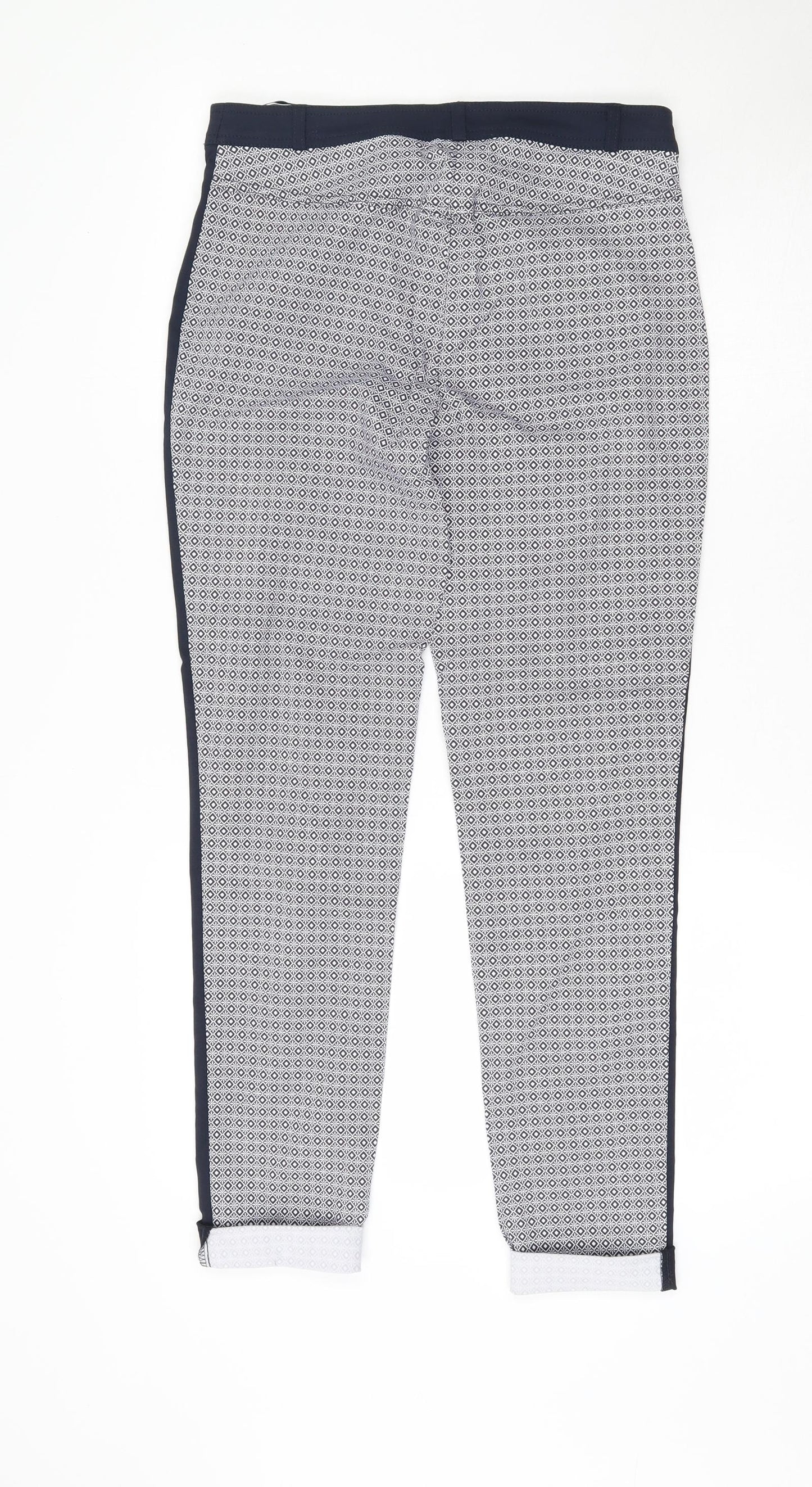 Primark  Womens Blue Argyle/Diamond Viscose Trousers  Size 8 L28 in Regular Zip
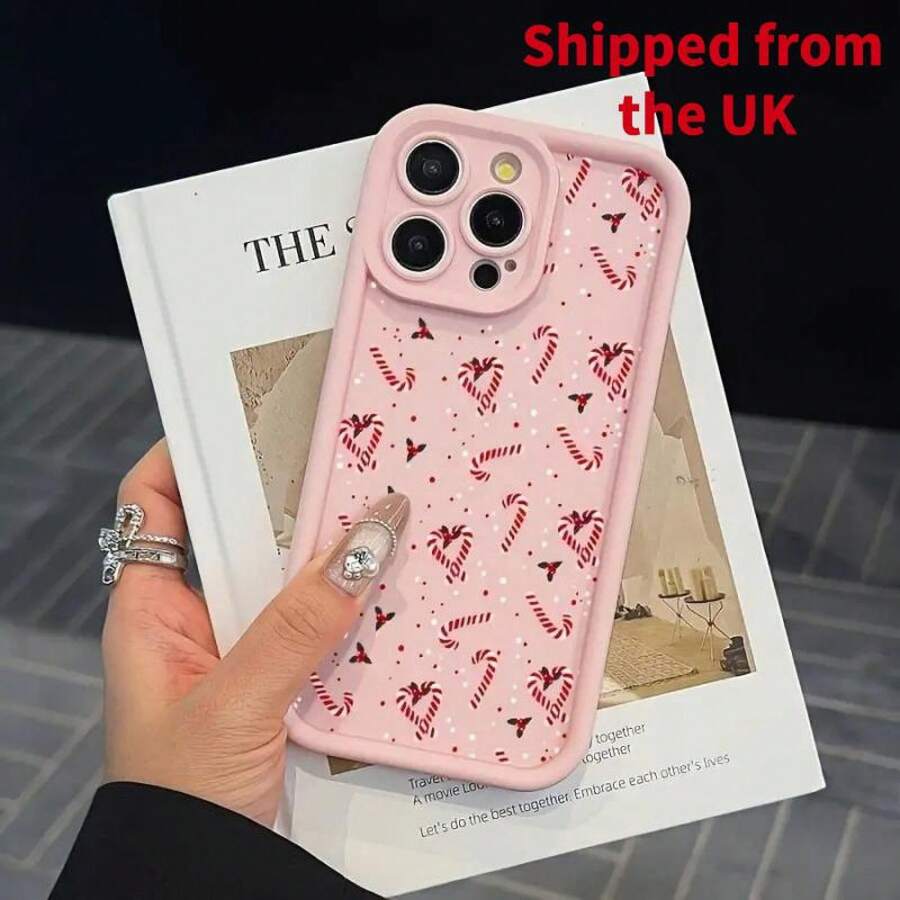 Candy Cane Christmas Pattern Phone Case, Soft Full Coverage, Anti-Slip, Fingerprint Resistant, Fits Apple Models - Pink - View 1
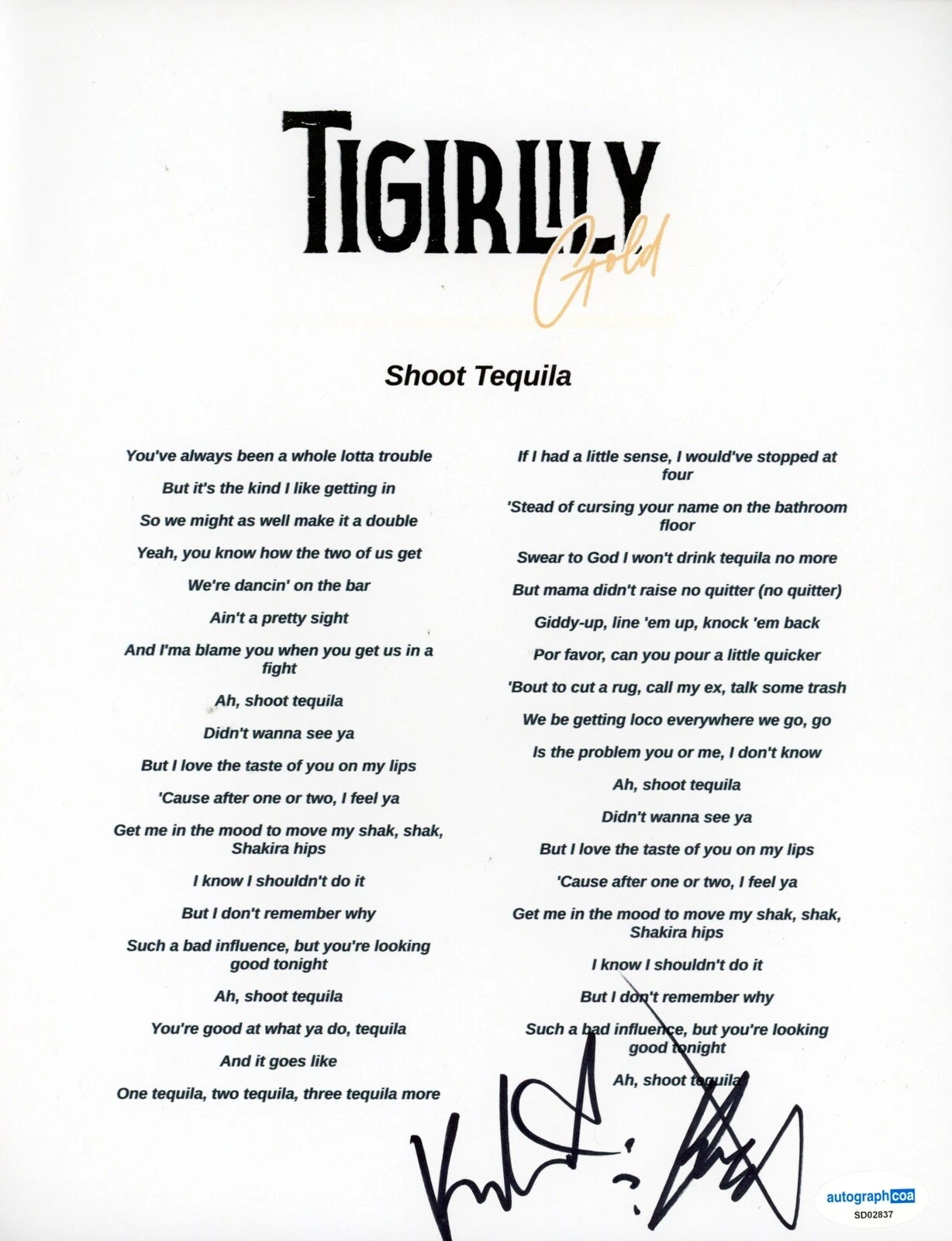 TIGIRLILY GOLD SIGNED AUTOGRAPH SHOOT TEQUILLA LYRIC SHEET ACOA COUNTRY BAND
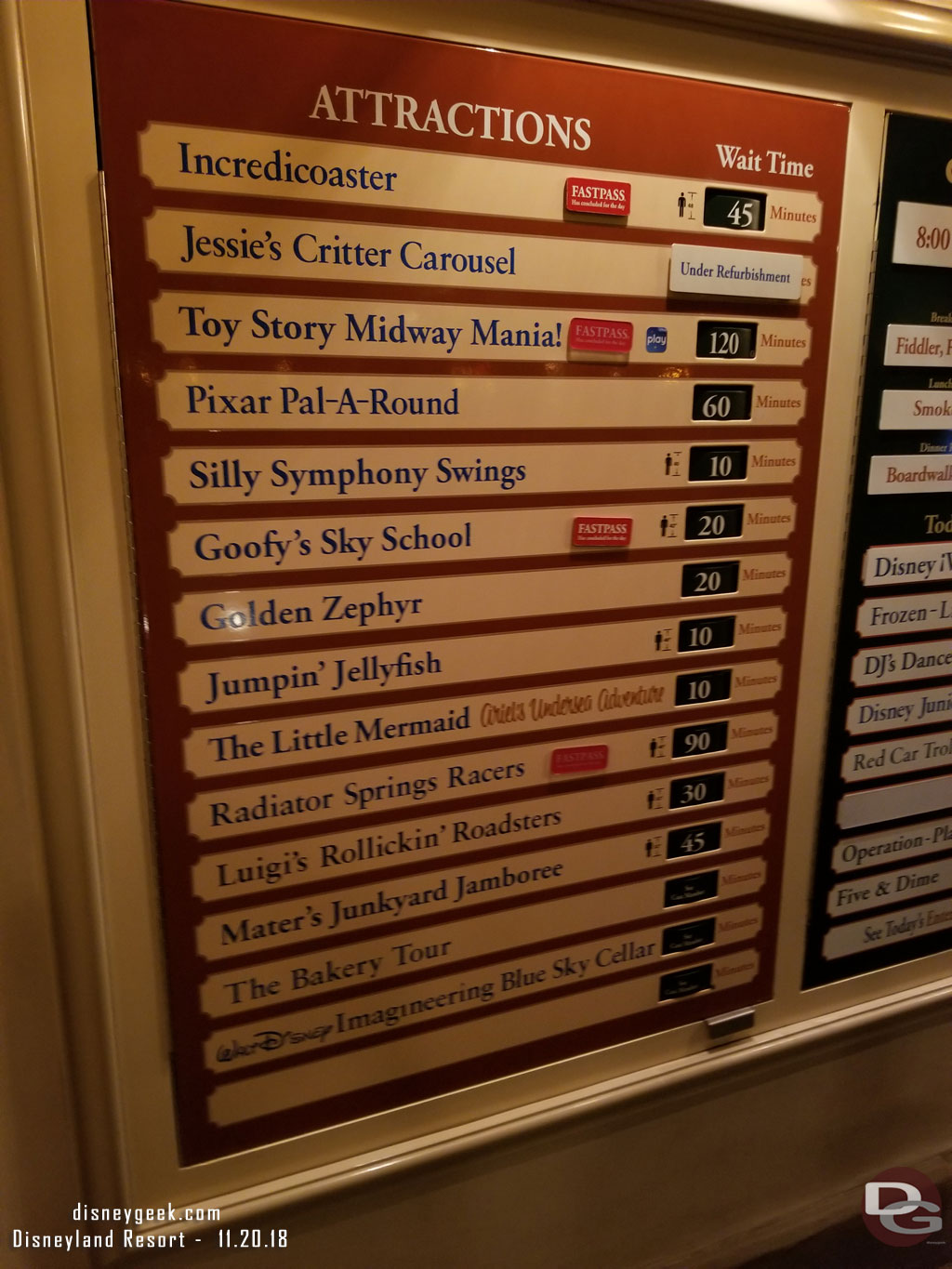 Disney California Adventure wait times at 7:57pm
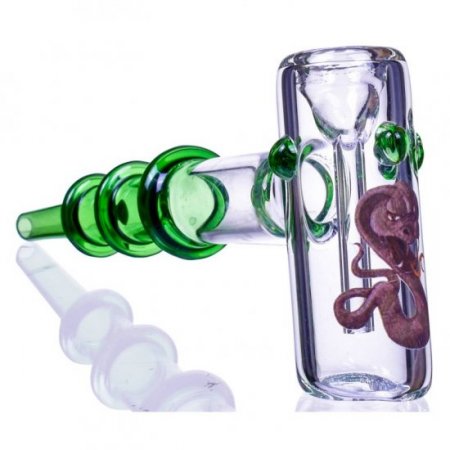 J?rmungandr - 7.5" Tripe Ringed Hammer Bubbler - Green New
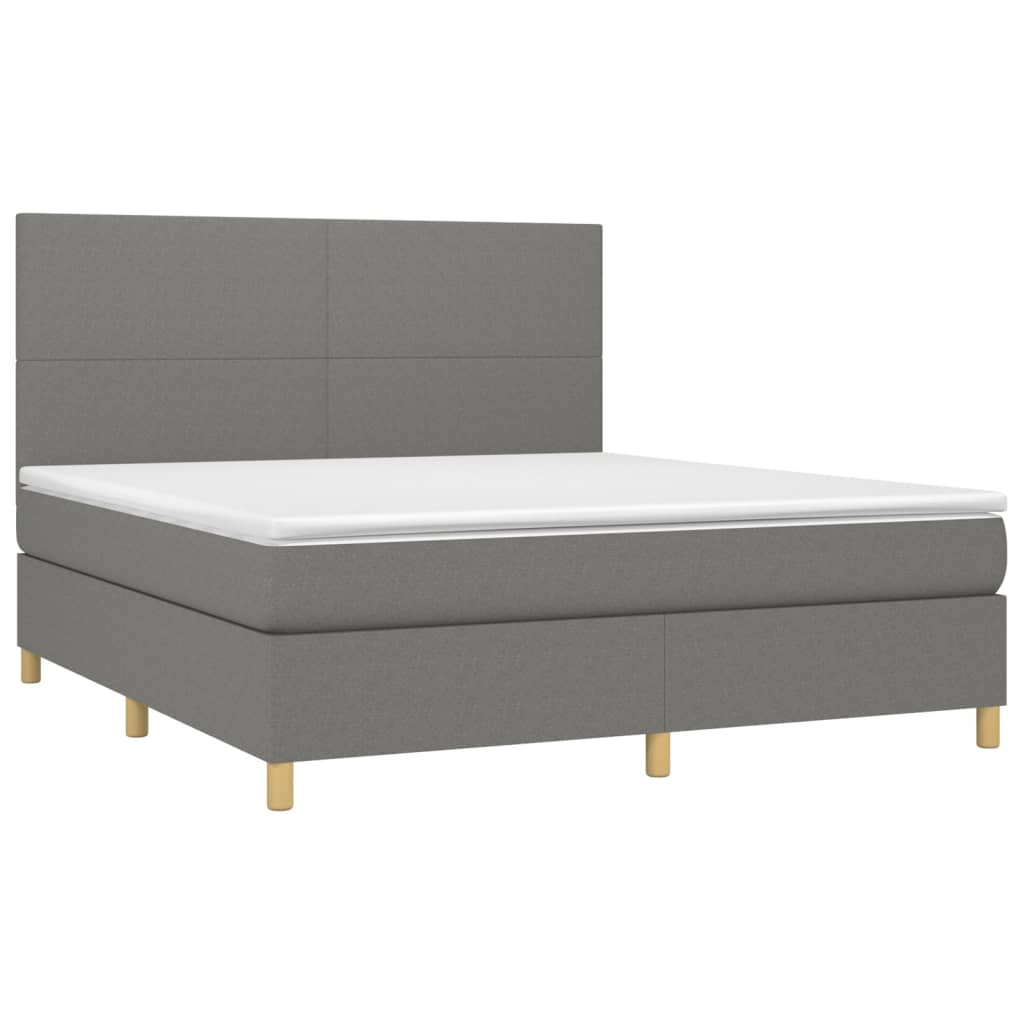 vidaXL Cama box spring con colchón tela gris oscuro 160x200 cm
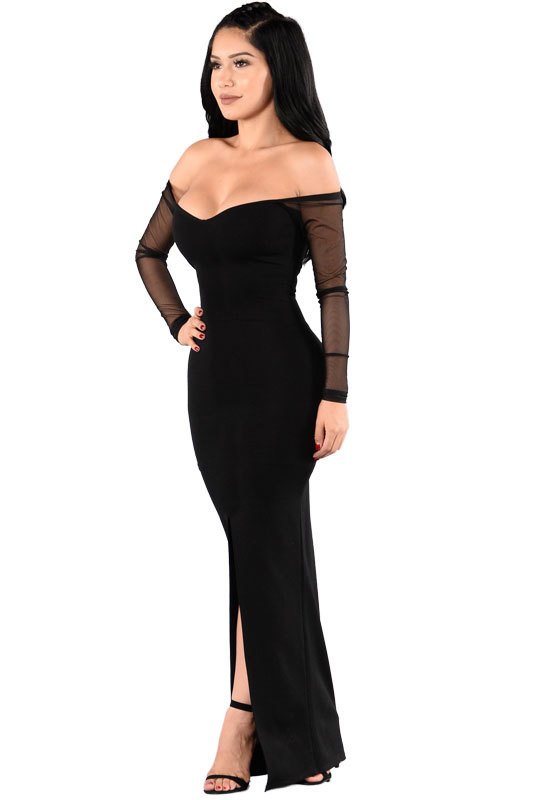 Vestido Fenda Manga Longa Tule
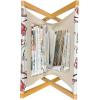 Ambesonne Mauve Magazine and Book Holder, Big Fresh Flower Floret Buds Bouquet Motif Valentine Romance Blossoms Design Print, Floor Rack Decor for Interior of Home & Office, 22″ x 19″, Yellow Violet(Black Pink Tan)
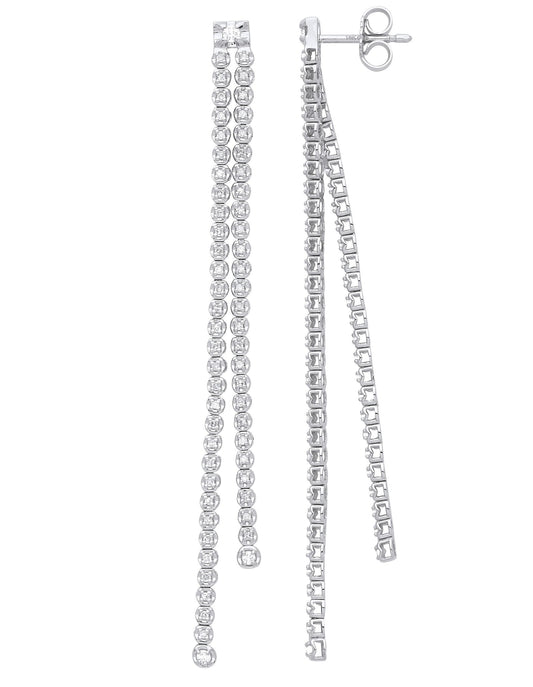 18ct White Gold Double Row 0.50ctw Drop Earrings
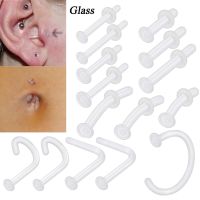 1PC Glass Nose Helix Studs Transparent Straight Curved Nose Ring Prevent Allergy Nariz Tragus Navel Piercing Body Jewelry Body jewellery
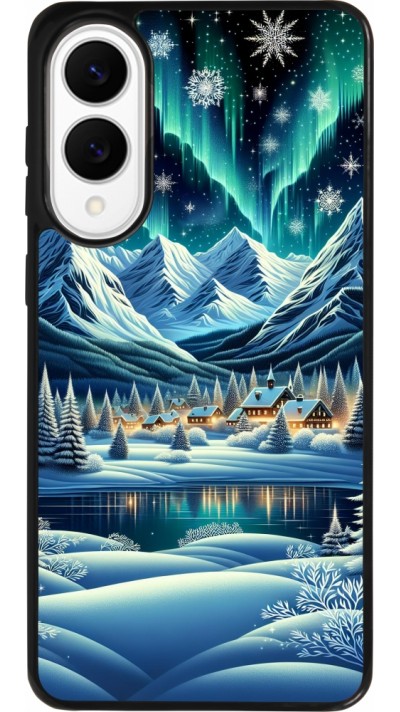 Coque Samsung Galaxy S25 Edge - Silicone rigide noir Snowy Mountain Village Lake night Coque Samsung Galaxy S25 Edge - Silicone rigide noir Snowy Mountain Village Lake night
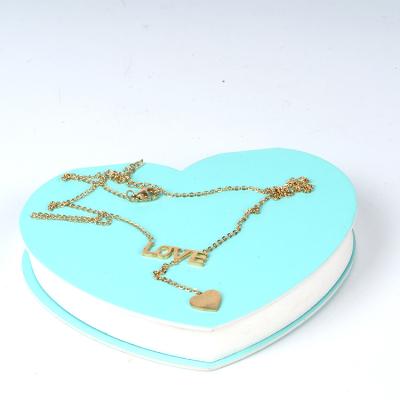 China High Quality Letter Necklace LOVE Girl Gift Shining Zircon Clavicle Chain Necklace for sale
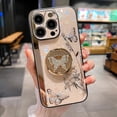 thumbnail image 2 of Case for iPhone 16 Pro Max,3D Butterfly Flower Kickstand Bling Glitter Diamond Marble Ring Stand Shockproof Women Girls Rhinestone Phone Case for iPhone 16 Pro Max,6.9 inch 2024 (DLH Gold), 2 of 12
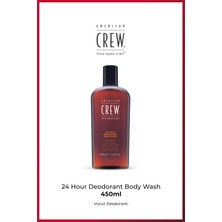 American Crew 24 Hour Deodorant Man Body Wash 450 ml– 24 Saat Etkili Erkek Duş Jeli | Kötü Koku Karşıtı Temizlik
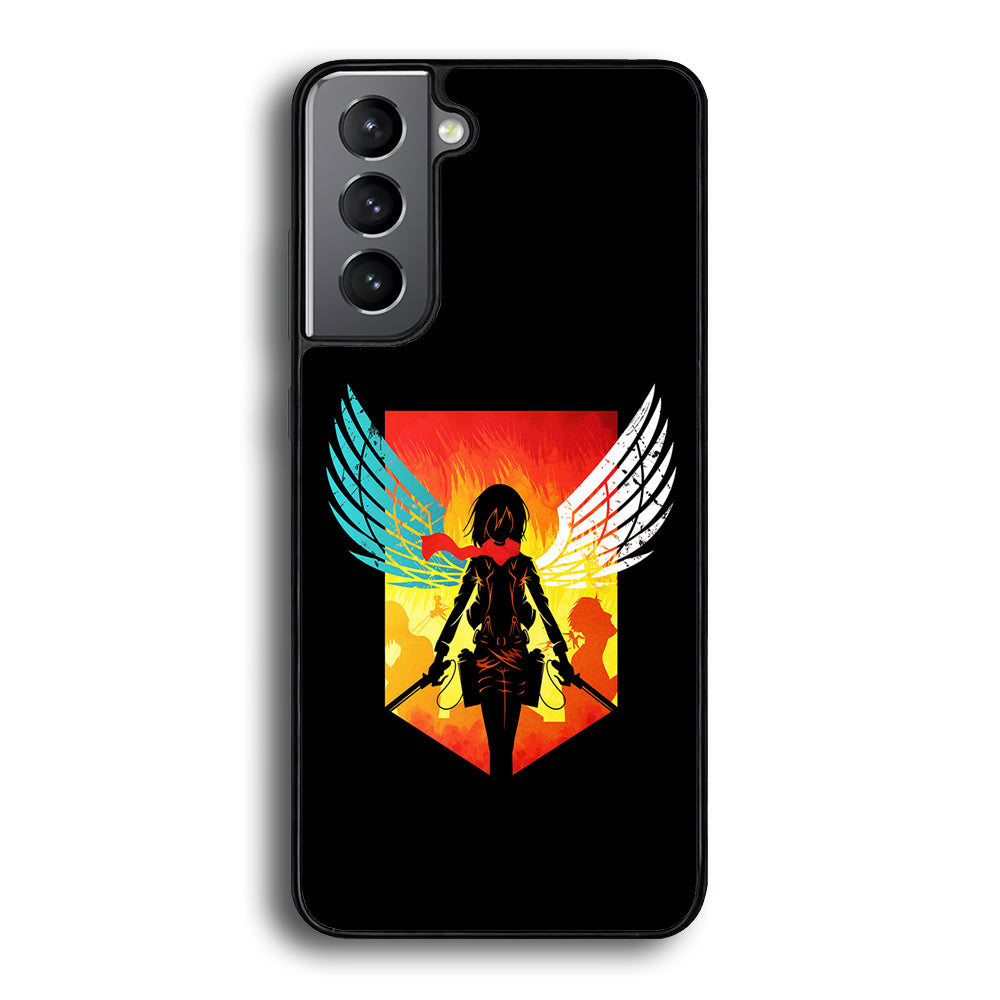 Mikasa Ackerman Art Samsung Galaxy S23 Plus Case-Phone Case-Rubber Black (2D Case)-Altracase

-*-

:: Assignment ::
Exactly as they appear above, give the records again, without their pictures.

:: Answer section ::
 Primark  Womens Blue Argyle/Diamond Viscose Trousers  Size 8 L28 in Regular Zip
 Candy Cane Christmas Pattern Phone Case, Soft Full Coverage, Anti-Slip, Fingerprint Resistant, Fits Apple Models - Pink - View 1
 TIGIRLILY GOLD SIGNED AUTOGRAPH SHOOT TEQUILLA LYRIC SHEET ACOA COUNTRY BAND
 Disney California Adventure wait times at 7:57pm
 J?rmungandr - 7.5" Tripe Ringed Hammer Bubbler - Green New
 vidaXL Cama box spring con colchón tela gris oscuro 160x200 cm
 Vestido Fenda Manga Longa Tule
 Ambesonne Mauve Magazine and Book Holder, Big Fresh Flower Floret Buds Bouquet Motif Valentine Romance Blossoms Design Print, Floor Rack Decor for Interior of Home & Office, 22″ x 19″, Yellow Violet(Black Pink Tan)
 18ct White Gold Double Row 0.50ctw Drop Earrings
 1PC Glass Nose Helix Studs Transparent Straight Curved Nose Ring Prevent Allergy Nariz Tragus Navel Piercing Body Jewelry Body jewellery
 Coque Samsung Galaxy S25 Edge - Silicone rigide noir Snowy Mountain Village Lake night Coque Samsung Galaxy S25 Edge - Silicone rigide noir Snowy Mountain Village Lake night
 China High Quality Letter Necklace LOVE Girl Gift Shining Zircon Clavicle Chain Necklace for sale
 thumbnail image 2 of Case for iPhone 16 Pro Max,3D Butterfly Flower Kickstand Bling Glitter Diamond Marble Ring Stand Shockproof Women Girls Rhinestone Phone Case for iPhone 16 Pro Max,6.9 inch 2024 (DLH Gold), 2 of 12
 American Crew 24 Hour Deodorant Man Body Wash 450 ml– 24 Saat Etkili Erkek Duş Jeli | Kötü Koku Karşıtı Temizlik
 Mikasa Ackerman Art Samsung Galaxy S23 Plus Case-Phone Case-Rubber Black (2D Case)-Altracase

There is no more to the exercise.